Wednesday March 1, 2000
By Dariush Sajjadi
CNN's Christiane Amanpour has recently tried to depict Iran's current political and social situation in her hour long documentary "Revolutionary Journey" which was aired by CNN on Sunday.
"Revolutionary Journey", however, portrayed Iran's present-day reformism as a movement geared merely toward meeting the youth’s passing whims and providing them with the kind of carnal pleasures they seek. Such portrayal is mainly due to the fact that Amanpour, born to an Iranian father and raised in Iran until the 1979 revolution, has failed to soundly grasp the depth and breadth of the Iranian society and its cherished ideals.
Amanpour’s "Revolutionary Journey" in essence flagrantly insulted Iran’s reformist movement. She unknowingly pictured Iran’s reformist campaigns and struggles as a movement aspiring to reach such base and mundane goals as allowing the Iranians to hold parties in which boys and girls could mingle and dance and enabling the women to bare their heads and show their tresses. And this is a blatant insult on Iran’s history, civilization, and culture.
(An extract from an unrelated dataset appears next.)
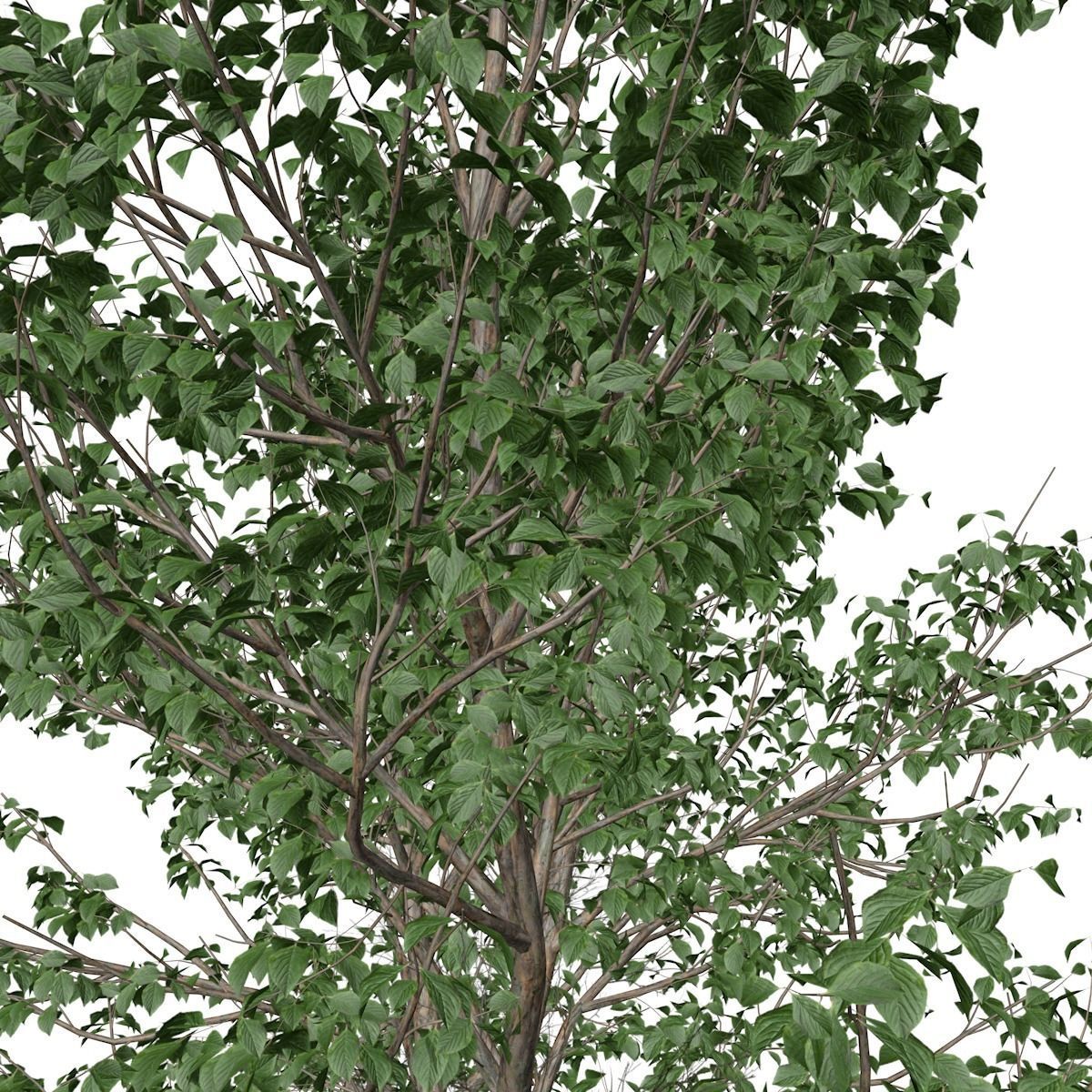 Korean Stewartia Tree - 06 - 3D model_3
Even though Amanpour’s documentary chronicles a part of the reality permeating Iran today, it mistakenly takes this slice of the reality to represent the entirety of Iran’s reformist movement.
This is while the reformists have been the standard bearers of a relentless struggle against the conservatives to enshrine sublime ideals such as setting up a civil society, providing citizenry rights, fostering freedom of expression and thought, and promoting reason, realism, and divine reading and interpretation of religion.
Amanpour’s documentary in essence insulted combatant men such as Abdullah Nouri and Mohsen Kadivar who landed in jail just because they opposed the conservatives for the sake of the same lofty ideals briefly outlined above.
Does Amanpour think that Nouri, Kadivar, and other vanguards of the reformist movement braved the conservatives only for the purpose of enabling the Iranians to drink alcoholic beverages, have illicit affairs, and launch night clubs and discotheques?
Over the past two years, the Iranian reformist movement has paid a heavy price for its sublime ideals: tens of reformist papers were closed down; an interior minister was impeached; students were brutally beaten at the dorms. But "Revolutionary Journey" showed a different picture: The reformist struggles of the past two years were presented as culminating in night parties held by a segment of the Iranian youth.
A word with Amanpour: If "Revolutionary Journey" was meant, as a good will gesture, to offer a "modern" picture of Iran under President Khatami to James Rubin and his colleagues to improve Tehran-Washington ties, it would be more apt to delineate the reality dominating Iran, not a make-over version of the reality.
Rest assured that President Khatami is also making effort to present the world public opinion with a true picture of Iran, its values, principles, and ideals. The most propitious way for Iran and the US to reach an understanding is, therefore, for the White House to recognize the essence and reality of Iran’s Islamic Revolution, a naked reality which the Iranian officials can surely defend.
The Iranian youth’s excessive eagerness for romantic pleasures and excitements is an undeniable reality, a situation that has become more aggravated and malignant as the youth were deprived of legitimate ways of asserting themselves over the last two decades.
But to introduce Iran’s reformist movement as a mechanism to offer sensual gratification to the youth is totally erroneous, just as it is a blunder for the West to take the reformists’ recent parliamentary poll victory as the end of the Islamic Revolution!, a blunder springing from the West’s historical aversion toward religious rule due to the experiences of the scholastic age and the medieval rule of the Church and due to its unawareness of Iran’s developments.
The West makes wishful analysis of Iranian developments. This is precisely the reason why the West has failed to grasp the reality of the deep-seated religious sentiments among the Iranians, sentiments that enable any development in the country to gain meaning within the context of religious thought.
But the West simplistically attempts to draw a parallel between the reformists’ victory in Iran and Chamorro’s victory over Daniel Ortega and the Sandinista rule during the Nicaraguan socialist movement of the 1980s!